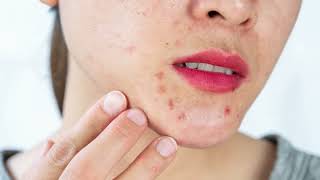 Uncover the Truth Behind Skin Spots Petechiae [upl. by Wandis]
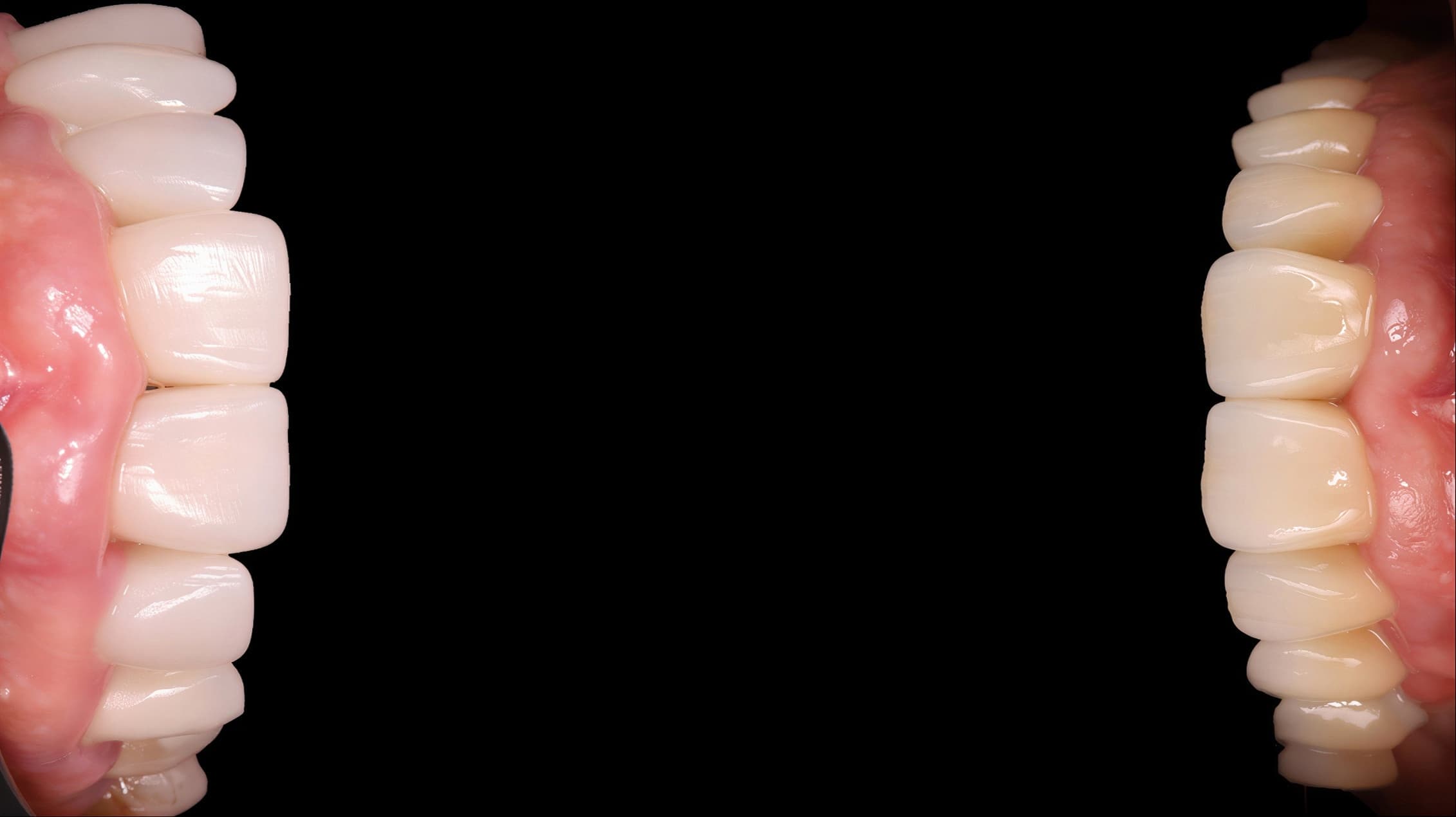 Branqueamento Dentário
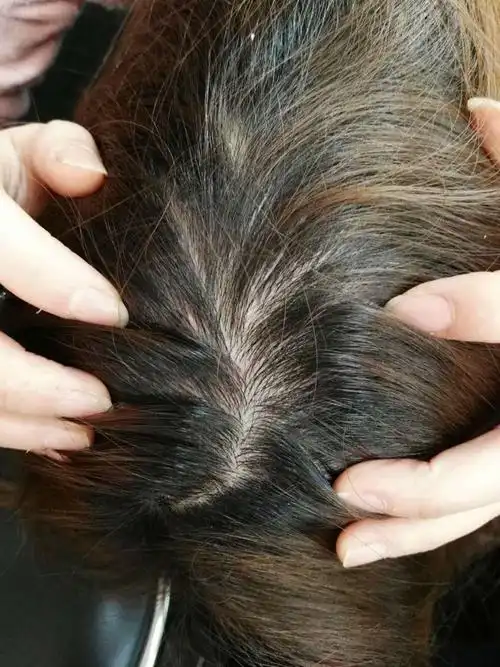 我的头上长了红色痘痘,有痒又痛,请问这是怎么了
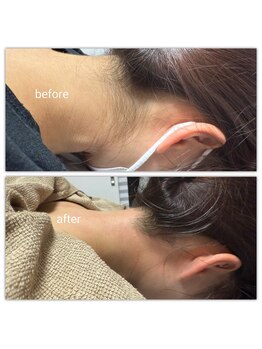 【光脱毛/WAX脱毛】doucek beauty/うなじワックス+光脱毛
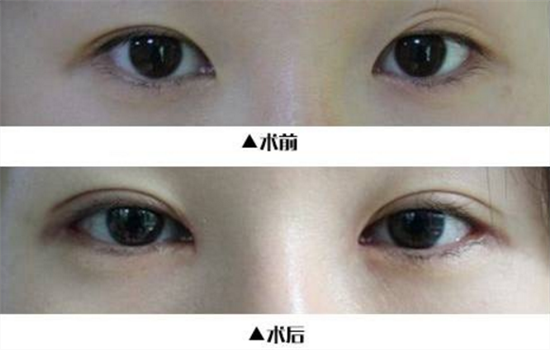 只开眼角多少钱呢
-*-
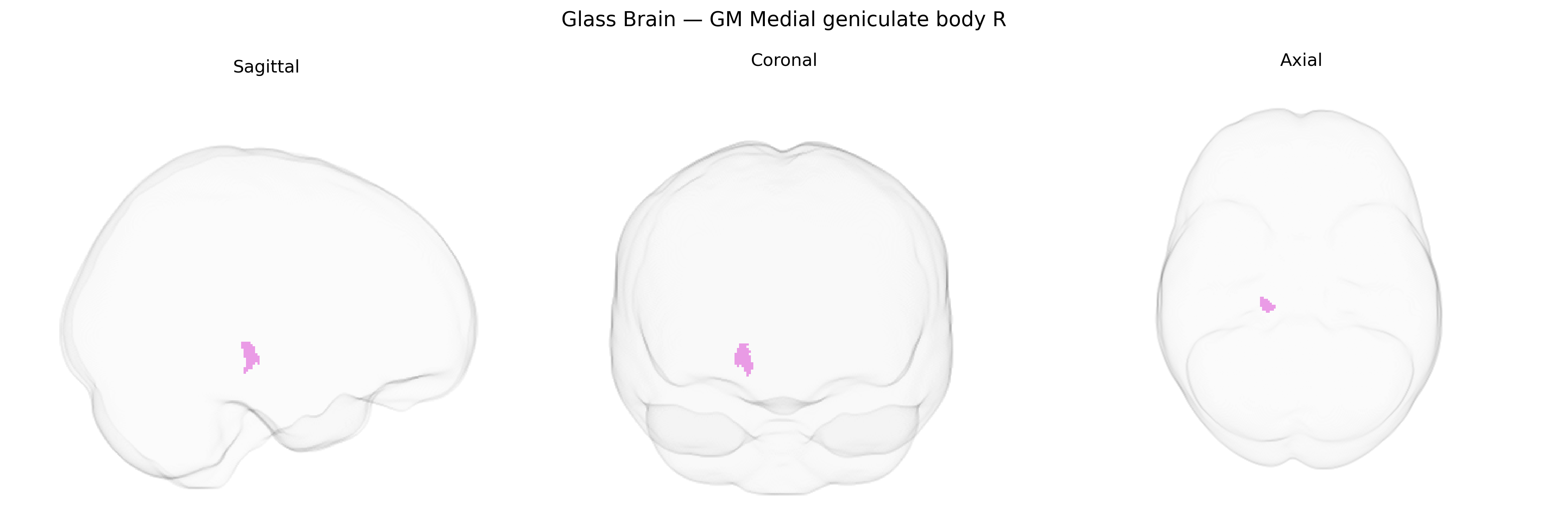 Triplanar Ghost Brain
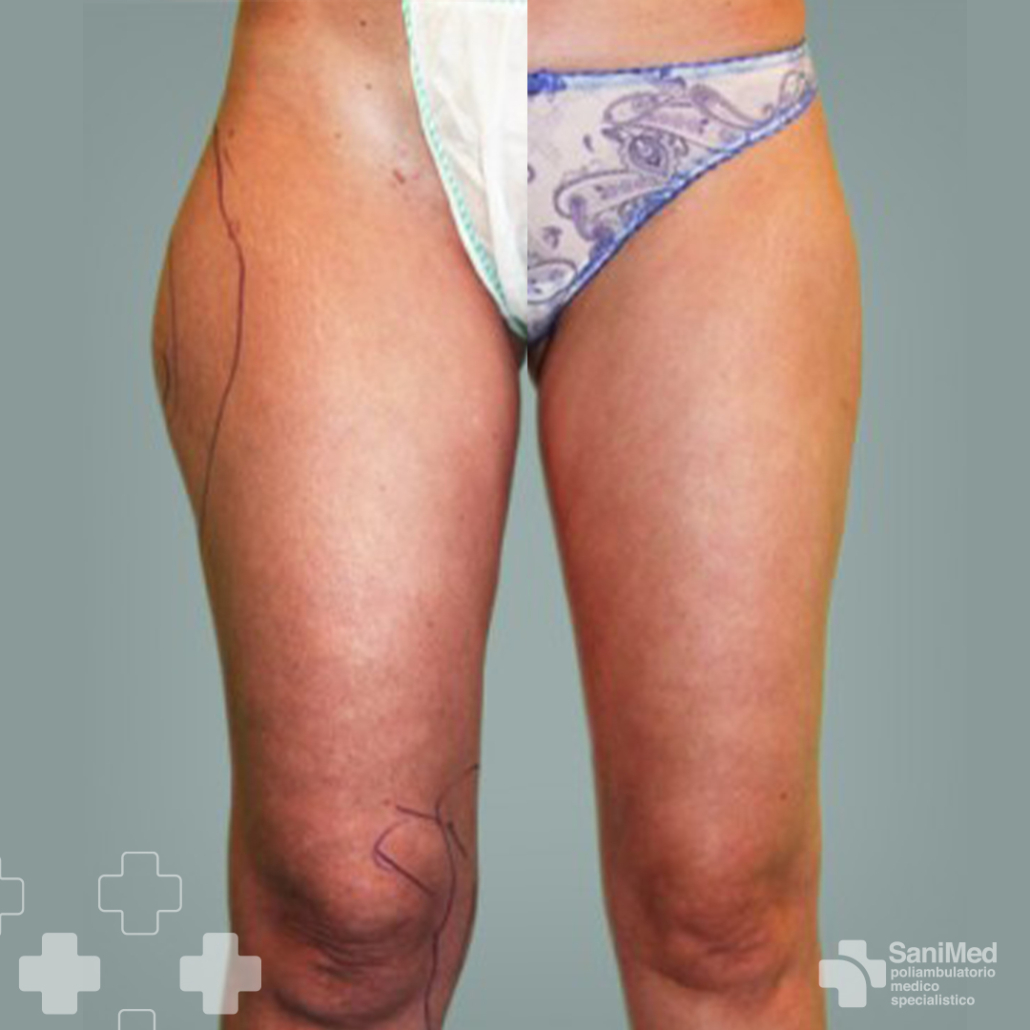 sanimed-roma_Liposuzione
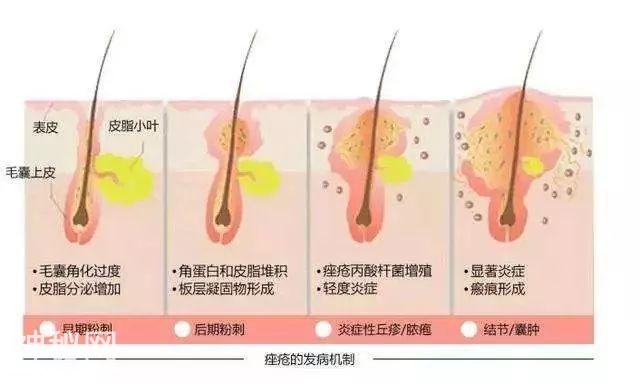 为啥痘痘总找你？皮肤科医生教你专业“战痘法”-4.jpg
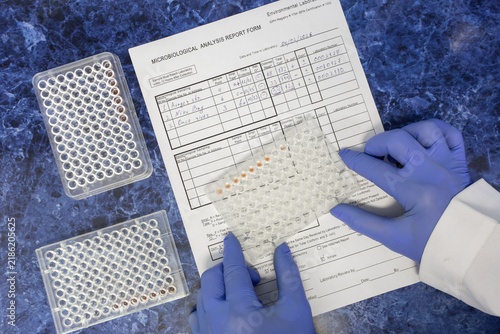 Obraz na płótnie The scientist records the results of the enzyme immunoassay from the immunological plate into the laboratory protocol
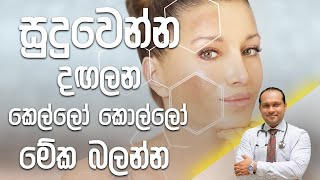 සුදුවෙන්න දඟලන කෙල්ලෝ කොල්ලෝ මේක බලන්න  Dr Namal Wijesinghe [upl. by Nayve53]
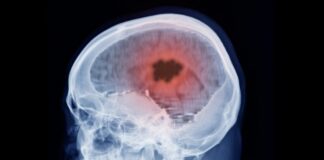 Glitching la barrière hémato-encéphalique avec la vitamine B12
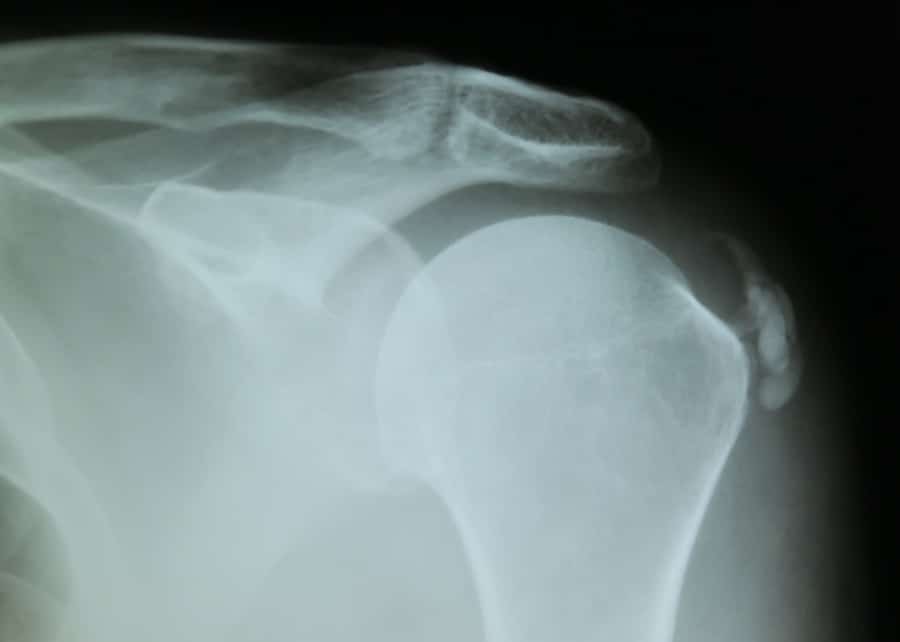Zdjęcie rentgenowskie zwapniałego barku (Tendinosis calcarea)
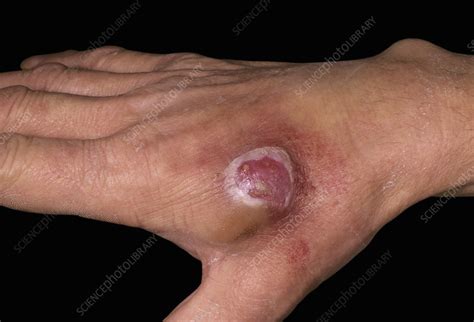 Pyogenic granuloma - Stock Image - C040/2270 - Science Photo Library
-*-
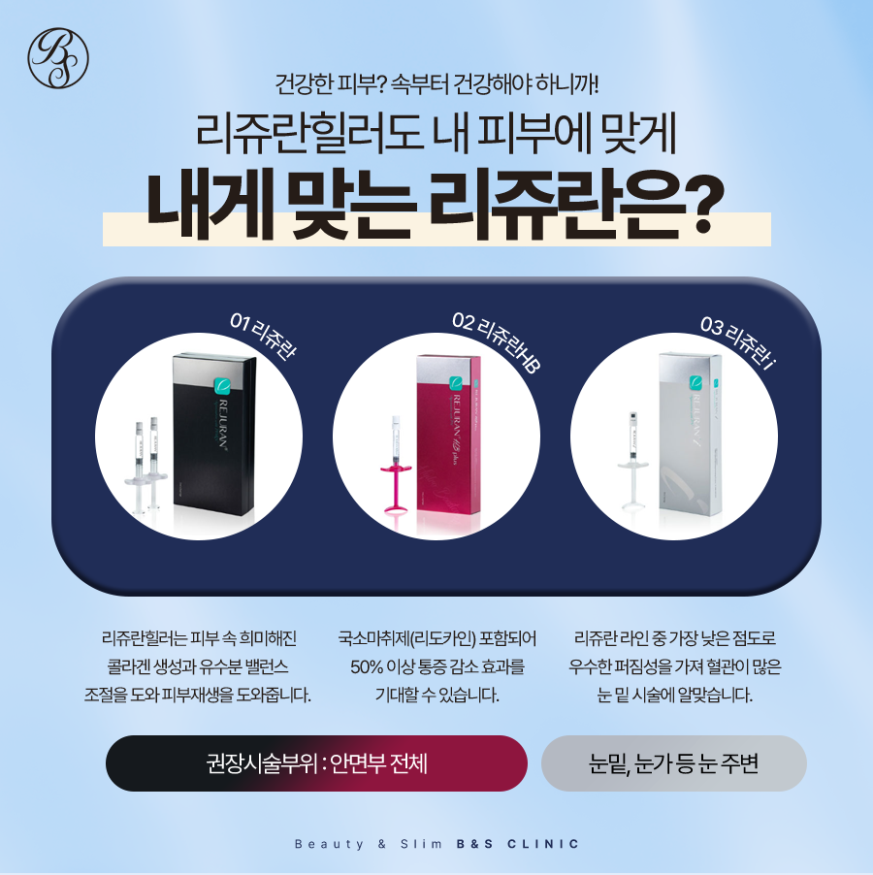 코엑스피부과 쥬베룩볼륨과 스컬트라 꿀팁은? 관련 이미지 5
-*-
**Your objective**
Starting at the line that contains "Obraz na płótnie" and ending at the line that contains "Pyogenic granuloma - Stock", transcribe the material above exactly, excluding pictures.

**Finished exercise**
 Obraz na płótnie The scientist records the results of the enzyme immunoassay from the immunological plate into the laboratory protocol
 සුදුවෙන්න දඟලන කෙල්ලෝ කොල්ලෝ මේක බලන්න  Dr Namal Wijesinghe [upl. by Nayve53]
 Glitching la barrière hémato-encéphalique avec la vitamine B12
Zdjęcie rentgenowskie zwapniałego barku (Tendinosis calcarea)
 Pyogenic granuloma - Stock Image - C040/2270 - Science Photo Library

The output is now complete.